Stefano Candiani passeggia in Transatlantico: “Bisogna riflettere. Oggi è il giorno della riflessione”. Da due giorni l’europarlamentare pisana Susanna Ceccardi risponde così: “Le elezioni in Toscana? Dovete chiedere al responsabile della campagna elettorale perché è andata così”. L’ex portiere della nazionale e già capogruppo in Toscana Giampaolo Galli, ha detto a Rep. che Vannacci se ne deve andare. E’ un sentimento che nella Lega sta prendendo sempre più consistenza. La Toscana era il banco di prova e il generale l’ha mancato clamorosamente. I consiglieri regionali erano otto e adesso a Firenze ce ne sarà solo uno, Massimiliano Simoni, il fedelissimo del generale che è stato blindato nel listino.
In chiaro Vannacci rilancia: “Chi pensa che io mi fermi, non mi conosce. Questi sono i risultati che mi fanno andare avanti più determinato”. E ancora: “Quando mi attaccano, riconoscono in me il ruolo di loro primo nemico”. Si riferisce, e i suoi collaboratori lo dicono chiaramente, anche a una parte del Carroccio, quello storico, che avrebbe boicottato la campagna elettorale. Dalle parti del generale monta una certo fastidio per il trattamento che gli hanno riservato. Il vicesegretario della Lega conta i suoi team. Anche andarsene è un’opzione. Ma a Viareggio, la città in cui vive, la Lega ha raccolto 1.023 preferenze, il 5,73 per cento. Forza Italia, per dire, è quasi al 10. Cristiano Romani, vice presidente del Mondo al contrario e braccio destro del generale, era il capolista ad Arezzo (1464 preferenze). Attacca: “Una parte della Lega ha scatenato la terza guerra mondiale contro Vannacci. Ad Arezzo un terzo, forse metà dei voti li ha presi un vannacciano doc come me. Non si può delegittimare così il vicesegretario. Qualcuno nel partito dovrà valutare questi atteggiamenti”. E’ guerra interna. Siete pronti a cambiare aria? “Questo lo deciderà Vannacci, non ne abbiamo parlato. Ma certamente non può continuare un cannoneggiamento di questo tenore”.

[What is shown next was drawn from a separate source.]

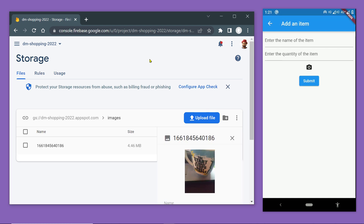Now we can see the directory named images — click on it and inside we have one file. If you click on it you will notice this is the image we captured and uploaded from our app.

Di tutt’altro avviso è Elena Meini. Consigliera uscente della Lega in Toscana, la più votata. Eppure non rieletta per giochi di liste e listini (bloccati): “A parte la sottoscritta, nessuno ha superato le 3 mila preferenze. Entra in regione chi ha preso la metà dei miei voti. Partendo dagli errori nelle liste, il partito dovrà fare un’analisi seria”. Meini respinge le accuse dei vannacciani: “Nessuno ha remato contro. Forse non ha pagato la troppa destra? Non hanno pagato alcuni post che toccano tematiche molto sentite dai toscani, come l’antifascismo? E pure l’eccessiva personalizzazione su Vannacci non ha aiutato”.
Così, lo certifica l’Istituto Cattaneo, analogamente alle altre regionali “la Lega perde voti a vantaggio delle forze moderate del centrodestra” (come FI). E’ la stessa dinamica che temono nella Lombardia di Attilio Fontana, governatore anti-Vannacci. Ed è anche una delle cause del malessere che vivono i leghisti del Veneto. Luca Zaia ha messo in chiaro l’insofferenza. Non solo: la sua generosità a tenere unita la coalizione, con Alberto Stefani, anche in virtù del rapporto personale con Giorgia Meloni, non è stata ripagata. Dalle parti del Doge studiano le prossime mosse. Certo è che il governatore Veneto non crede che lo slancio identitario di Vannacci possa rappresentare il futuro della Lega. Sono i temi dell’impresa, della produttività e dello sviluppo a tirare nelle regioni settentrionali, non la Decima Mas. E il rapporto con Salvini, dopo la querelle sul terzo mandato, è quello che è.